Similar to server-side deployment, single version online updating strategy will cause increased latency to the first runtime request for each user after the model has been updated. This could be mitigated by implementing a daily handshaking communication between the user device and the server, initiated by the user device. This handshaking communication will simply check whether the version matches between the device and the server; if they mismatch, it will silently trigger the re-enrollment in the background. The handshaking communication could happen at the late midnight in the device’s local time zone to minimize user interference.
5.3 Double version updating strategy
For hybrid deployment, we could also use a similar double version updating strategy as the one introduced in Section 4.4 for server-side deployment. In this strategy, the cloud computing servers always serve two versions of models, and the user devices also always store two versions of user profiles. During enrollment stage, the server always produce two versions of user profiles and send them back to the user device. At runtime, even if one server-side model has been updated to a newer version, the other model is still available for those devices whose user profiles have not been updated.
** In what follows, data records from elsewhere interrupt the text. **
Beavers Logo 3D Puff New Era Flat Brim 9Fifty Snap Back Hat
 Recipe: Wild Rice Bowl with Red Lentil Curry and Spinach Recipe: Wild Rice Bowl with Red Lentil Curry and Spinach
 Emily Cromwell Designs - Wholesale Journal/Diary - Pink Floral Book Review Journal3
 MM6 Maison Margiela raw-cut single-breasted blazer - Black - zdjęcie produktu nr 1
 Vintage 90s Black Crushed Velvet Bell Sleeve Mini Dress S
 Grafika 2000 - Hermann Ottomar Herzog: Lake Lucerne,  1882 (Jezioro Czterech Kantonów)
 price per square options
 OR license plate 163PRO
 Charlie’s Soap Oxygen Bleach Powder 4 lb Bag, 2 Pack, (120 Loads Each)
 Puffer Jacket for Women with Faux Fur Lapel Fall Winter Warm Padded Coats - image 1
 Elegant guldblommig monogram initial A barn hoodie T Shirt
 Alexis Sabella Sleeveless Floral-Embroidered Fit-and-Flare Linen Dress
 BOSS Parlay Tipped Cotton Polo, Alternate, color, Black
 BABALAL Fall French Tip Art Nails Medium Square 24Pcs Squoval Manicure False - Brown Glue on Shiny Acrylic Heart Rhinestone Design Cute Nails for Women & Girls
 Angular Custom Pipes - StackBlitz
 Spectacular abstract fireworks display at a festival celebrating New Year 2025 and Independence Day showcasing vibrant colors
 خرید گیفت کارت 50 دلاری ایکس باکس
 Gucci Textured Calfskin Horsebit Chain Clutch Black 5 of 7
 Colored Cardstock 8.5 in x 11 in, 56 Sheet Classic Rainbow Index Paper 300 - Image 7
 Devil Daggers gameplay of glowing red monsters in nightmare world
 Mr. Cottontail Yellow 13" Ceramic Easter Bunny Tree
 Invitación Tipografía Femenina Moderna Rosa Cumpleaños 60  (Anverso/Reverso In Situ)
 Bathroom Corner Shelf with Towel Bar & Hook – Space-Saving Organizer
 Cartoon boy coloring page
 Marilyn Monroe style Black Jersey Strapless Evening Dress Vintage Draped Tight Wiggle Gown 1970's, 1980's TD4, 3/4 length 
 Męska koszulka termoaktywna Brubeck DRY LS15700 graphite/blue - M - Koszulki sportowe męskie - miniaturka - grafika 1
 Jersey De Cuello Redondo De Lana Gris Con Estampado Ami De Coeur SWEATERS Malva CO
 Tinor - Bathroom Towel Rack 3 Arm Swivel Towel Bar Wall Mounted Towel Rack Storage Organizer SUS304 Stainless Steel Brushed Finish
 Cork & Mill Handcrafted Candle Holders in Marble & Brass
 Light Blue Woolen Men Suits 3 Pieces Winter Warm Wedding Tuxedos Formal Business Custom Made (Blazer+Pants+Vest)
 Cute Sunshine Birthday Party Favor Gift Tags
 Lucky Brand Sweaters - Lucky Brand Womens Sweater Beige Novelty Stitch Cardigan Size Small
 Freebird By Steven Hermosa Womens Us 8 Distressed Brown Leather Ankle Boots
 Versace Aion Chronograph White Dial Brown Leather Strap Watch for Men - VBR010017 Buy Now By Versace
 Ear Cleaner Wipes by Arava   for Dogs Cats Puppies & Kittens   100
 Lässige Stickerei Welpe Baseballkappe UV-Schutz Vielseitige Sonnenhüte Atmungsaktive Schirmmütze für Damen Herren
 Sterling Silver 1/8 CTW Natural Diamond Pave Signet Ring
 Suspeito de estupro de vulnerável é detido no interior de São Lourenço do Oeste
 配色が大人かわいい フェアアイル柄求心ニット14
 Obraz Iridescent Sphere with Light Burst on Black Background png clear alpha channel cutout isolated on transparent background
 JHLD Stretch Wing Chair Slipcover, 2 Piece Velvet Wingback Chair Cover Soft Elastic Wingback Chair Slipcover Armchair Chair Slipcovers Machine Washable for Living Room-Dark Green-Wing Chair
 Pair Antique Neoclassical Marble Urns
For hybrid deployment, even if we use the double version updating strategy, we still need to make sure that all user devices complete the update within a certain time frame. Otherwise, if some user devices missed two server-side model updates, both versions of user profiles stored on the device will not be usable. One solution is to implement a periodic handshaking communication between the user device and the server, as we mentioned in Section 5.2.
In this paper, we introduced the concept of version control in speaker recognition systems. Version control is a common and challenging problem when deploying speaker recognition systems to production environments. Based on how we execute the speech engine and how we store the user profiles, we categorize speaker recognition deployment into three types: device-side deployment, server-side deployment, and hybrid deployment. We introduced version control strategies for each type of deployment, and discussed the advantages and disadvantages of each strategy.
Appendix A Glossary
Speaker embedding: A vector representing the voice characteristics of a spoken utterance.
Speaker encoder: The algorithm that generates the speaker embedding from the acoustic features of an utterance.
Speech engine: The software that implements acoustic feature extraction and speaker encoder.
User profile: The aggregated speaker embedding generated from multiple enrollment audio samples provided by the user.
: The model used by the speaker encoder algorithm. In deep learning based approaches, the model is usually a neural network.
Frontend: In server-side and hybrid deployment, the reverse proxy server that dispatches requests from user devices to backend servers.
Cloud server: In server-side and hybrid deployment, the backend server that runs the speech engine.
Database: In server-side deployment, the backend database that stores enrollment audio and user profiles.